The insert includes a list of performers but no extra information about the score or film. As in many of Amazon.com's "CDr on demand" products, the packaging smells incredibly foul when new.
Filmtracks Traffic Rank: #1,492
Written 7/15/11
Buy it... if your passion for superhero fantasy music is so forgiving that you can get in the mood to kick godless alien ass to the sounds of a disappointing reprise of ambient design and occasional, derivative orchestral flourishes.
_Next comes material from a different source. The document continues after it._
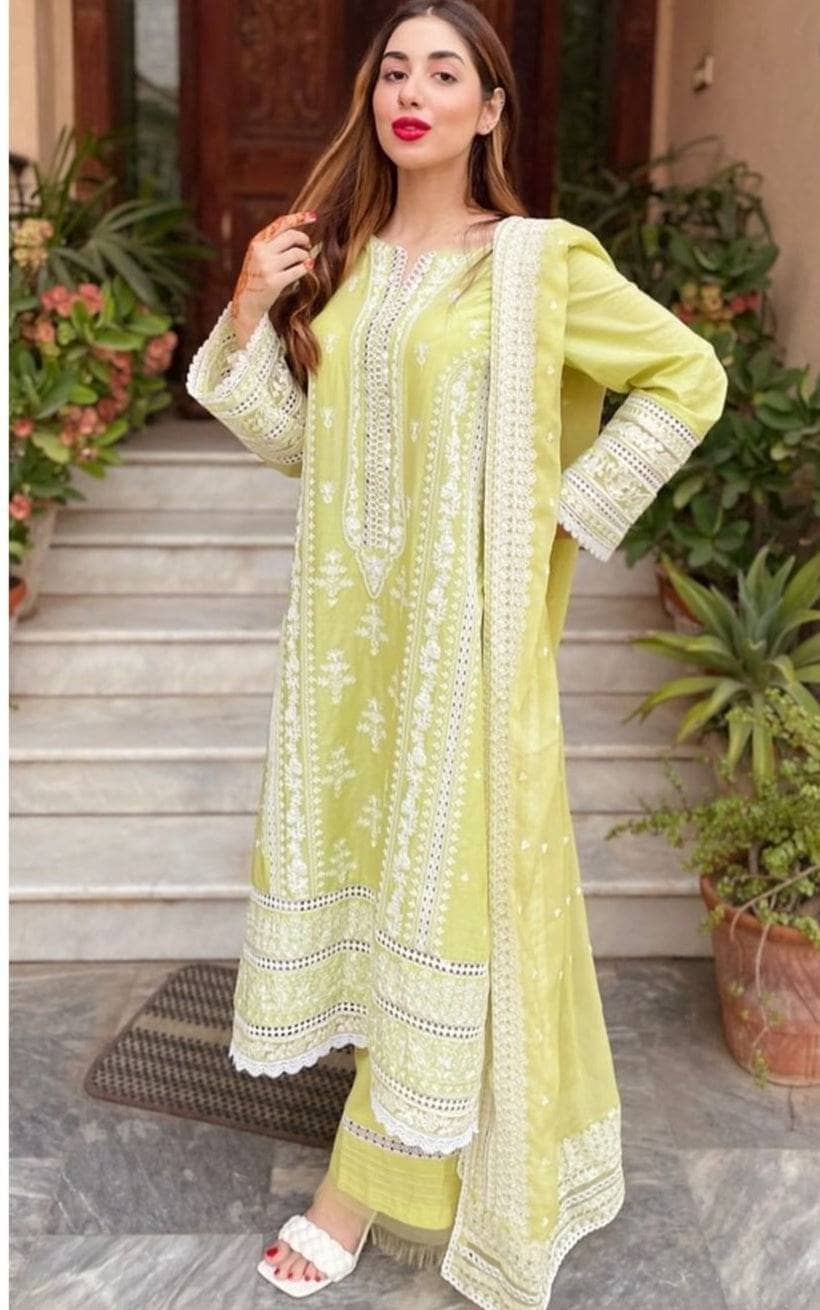 img_sobia_nazir_lawn_22_awwal_boutique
Avoid it... if you seek something (or really anything) new in the realm of superhero music, because James Newton Howard sleepwalks through this score without making much effort to instill a unique sound upon this concept's history.

Howard
Howard
Green Lantern: (James Newton Howard) Considered at one point to be the most anticipated comic book adaptation film of 2011, Green Lantern landed on Earth with a tremendous thud. Warner Brothers reportedly spent upward of $300 million making and promoting the DC Comics characters' debut on the big screen, only to see it struggle to recoup half of that amount at the worldwide box office. The concept had been batted around by several studios for decades before Martin Campbell stepped in to helm Green Lantern through production hazards that included significant script re-writes and late special effects work that required Warner to pump more money into the film just to meet its target debut date. A solid pummeling by critics defined the movie as little more than a sound and light show, and fans dumped it almost immediately after its initial theatrical flourish. The plot of Green Lantern serves as an origins story for the concept and its main character, and for those of you not familiar with the DC storyline, it suffices to say that a group of wacky-looking aliens called the "Green Lantern Corps" protects the universe by assigning a "Green Lantern" (a representative from a myriad of species that have special powers bestowed upon them) to each sector of space. When a nasty fear-mongering being called Parallax runs loose, kills one of these protectors, and eventually ends up on Earth (plenty of hot babes and tax loopholes on this planet), an average American male is absurdly chosen to be the Green Lantern for this sector and trained by an understandably hesitant mentor. Proving that humans aren't so damn dumb and hopeless as a trip to Wal-Mart would otherwise indicate, the new superhero of our region does his thing in a grand show of bravery and says the oath of his group to pave the way for the sequels the studio was hoping to green-light before abysmal returns muted such banter. Apparently asleep during half of that show was composer James Newton Howard, a veteran of superhero movies who is typically considered to be a counterweight to the flow of generic blockbuster noise emanating from his friend Hans Zimmer's clone factory.